▸ Stored data:
☆ ☆ ☆ ☆

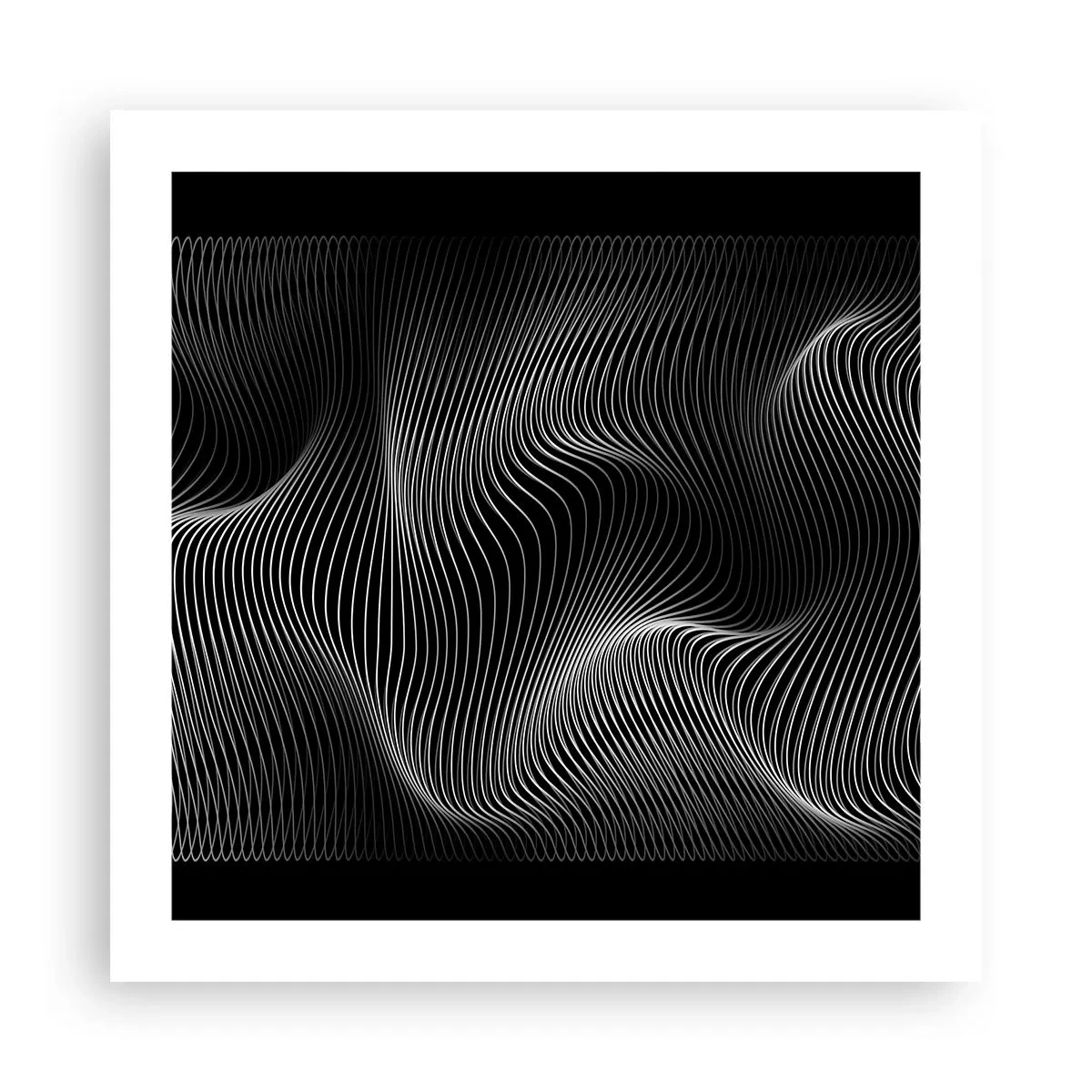 Plagát - Tanec svetla v priestore - 50x50 cm
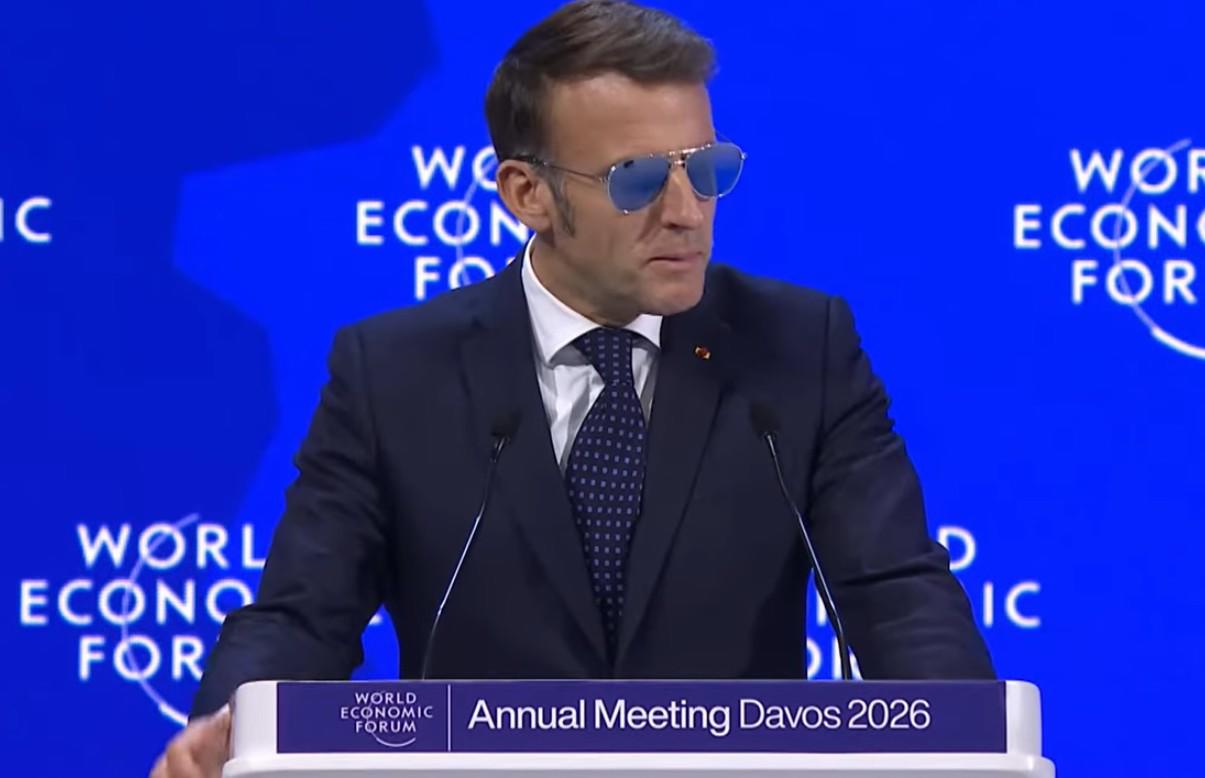 <i>Macron instó a la UE a activar su “bazuca comercial” frente a amenazas de Trump (Foto: WEF)</i>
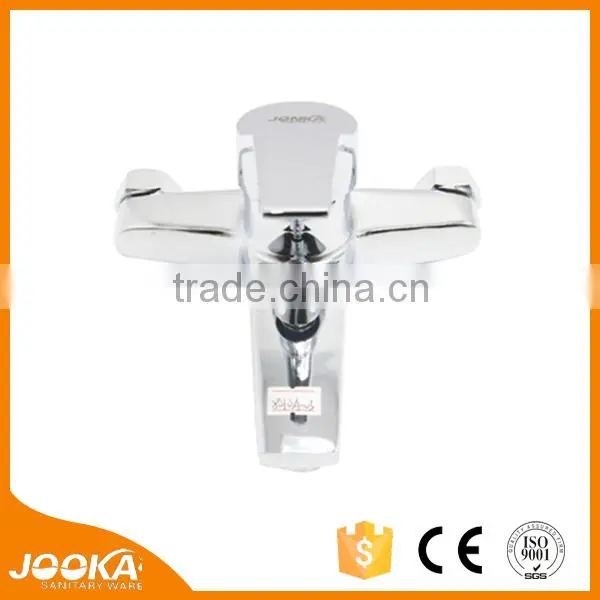 Chrome plated surface mounted bath shower faucet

☆ ☆ ☆ ☆

▸ Problem to solve: Nothing but an exact copy of the data, without pictures, should be returned.

▸ Exercise result:
 Plagát - Tanec svetla v priestore - 50x50 cm
 <i>Macron instó a la UE a activar su “bazuca comercial” frente a amenazas de Trump (Foto: WEF)</i>
 Chrome plated surface mounted bath shower faucet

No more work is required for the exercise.